The court held that the liability of Nelson was discharged through payments made by other stockholders, reversed the judgment of the circuit court of Kane county and remanded the cause to that court.

In Cohen v. North Ave. State Bank, 291 Ill. App. 558, this court, following the opinion of the Supreme Court in Burket v. Reliance Bank & Trust Co., 366 Ill. 98, and the opinion of the Appellate Court in the Schwartz case, said: “The Appellate court [Schwartz case] held that since a group of contemporaneous stockholders paid to the receiver in the liquidation suit a sum equal to all the liabilities incurred during the contemporaneous ownership, one of such contemporaneous stockholders who had paid nothing could not be held liable in the representative suit brought on behalf of the creditors of the bank against the stockholders, following the clear reasoning of the Supreme Court in its opinion transferring the case.”
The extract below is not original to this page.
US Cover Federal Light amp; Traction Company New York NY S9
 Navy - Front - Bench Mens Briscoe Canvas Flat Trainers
In the Cohen case application was made by the plaintiffs for leave to appeal to the Supreme Court, which was denied. 291 Ill. App. XX.

In Flanagan v. Madison Square State Bank, 292 Ill. App. 448, this court said: “If any contemporaneous stockholders pay the receiver an amount equal to all the unpaid liabilities incurred during the contemporaneous ownership such liabilities are satisfied. No stockholder can be compelled to pay a sum greater than the aggregate of liabilities incurred by the bank while he was a stockholder. Burket v. Reliance Bank & Trust Co., 366 Ill. 98.”
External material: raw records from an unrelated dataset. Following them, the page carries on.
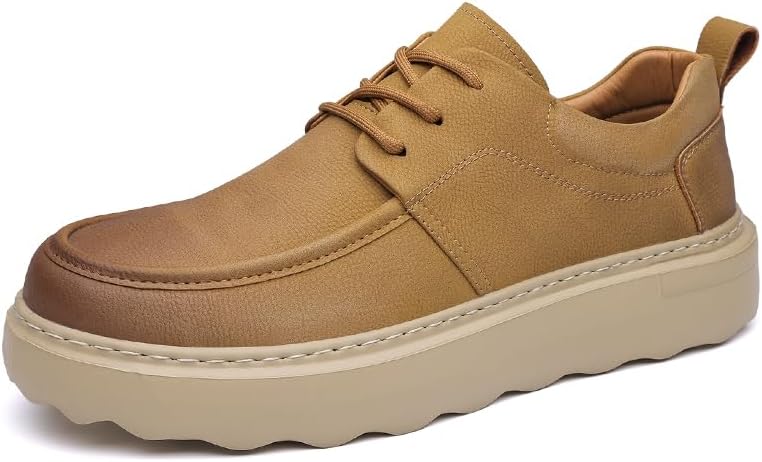 

Повседневные прогулочные кроссовки Удобная обувь для скейтборда мужские кроссовки Простые повседневные кожаные мужские туфли Sfxlucart, желтый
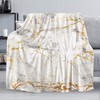 Gold Marble Throw Blanket Warm Comfortable Flannel Fleece Blanket for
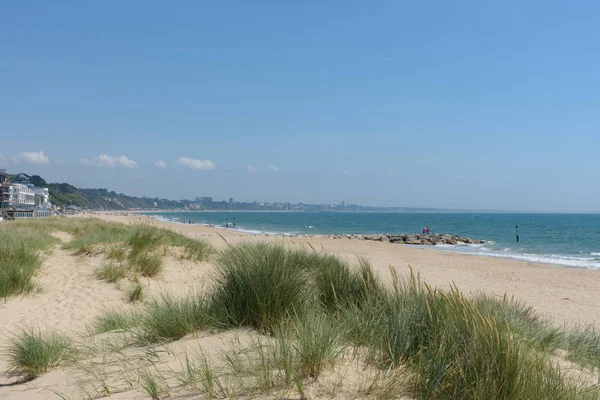 Zandbanken Strand Met Duinen Bournemouth Verte — Stockfoto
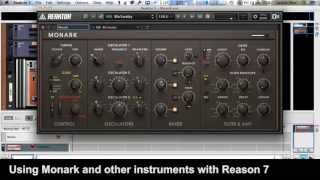 Using Monark and other instruments with Reason 7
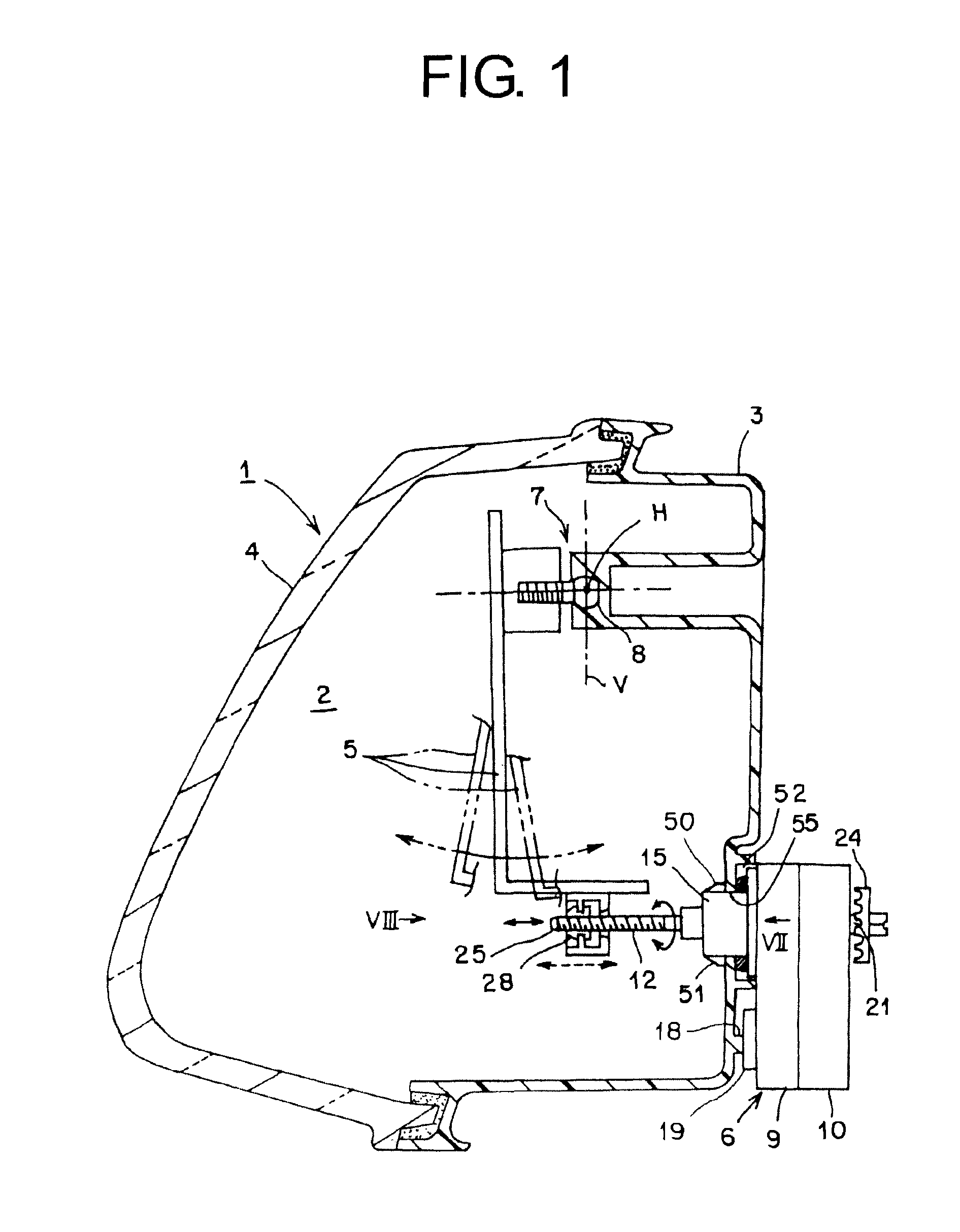 Head lamp leveling device for vehicle
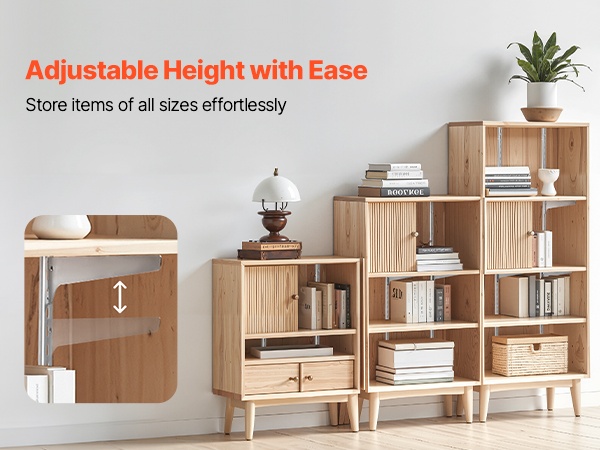 Erikokoisille säilytyslaatikoille sopiva korkeus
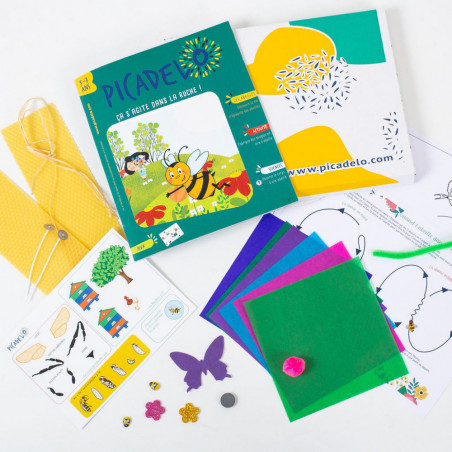 Coffret éducatif & créatif " Les abeilles"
' In the former opinion we distinguished this case upon the theory that in the last analysis the issue be*411tween the parties was one of fact. This disposition was challenged by defendants in the petition for rehearing, and the court being of the opinion that the distinction was not sustained by the record, granted a rehearing. It appears from the evidence that all of the stockholdings of these defendants commenced and ended within the period from April 28, 1917, to March 30, 1923. The undisputed evidence shows that unpaid liabilities aggregating $14,174.47 accrued during the period from April 28, 1917, to July 29, 1921, and liabilities of $19,075.57 accrued during the period from June 29, 1921, to March 30, 1923, or a total of $33,250.04; that other stockholders who held stock within the period from April 28, 1917 to March 30, .1923, paid $34,890 on account of their superadded liability, which is more than the unsatisfied liabilities which accrued during that period of time. The Supreme Court in transferring the cause to this court said: “There is no warrant of law to compel that group (contemporaneous stockholders) to pay to the receiver for the benefit of the creditors, a sum greater than the aggregate of liabilities incurred by the bank while that group were the stockholders.”

All the superadded liabilities of the stockholders which accrued between April 28, 1917, and March 30, 1923, having been paid by other stockholders and the court being of the opinion that no issue of fact is presented, we hold the defendants in the instant case are not now liable to the creditors of the bank, their liability, if any, being that of contribution to other stockholders who have heretofore made payments to the receiver.

The decree of the superior court of Cook county is reversed and the cause remanded with directions to enter a decree in conformity with the views herein expressed.

Reversed and remanded with directions.

0 ’Connor, P. J., and McSurely, J., concur.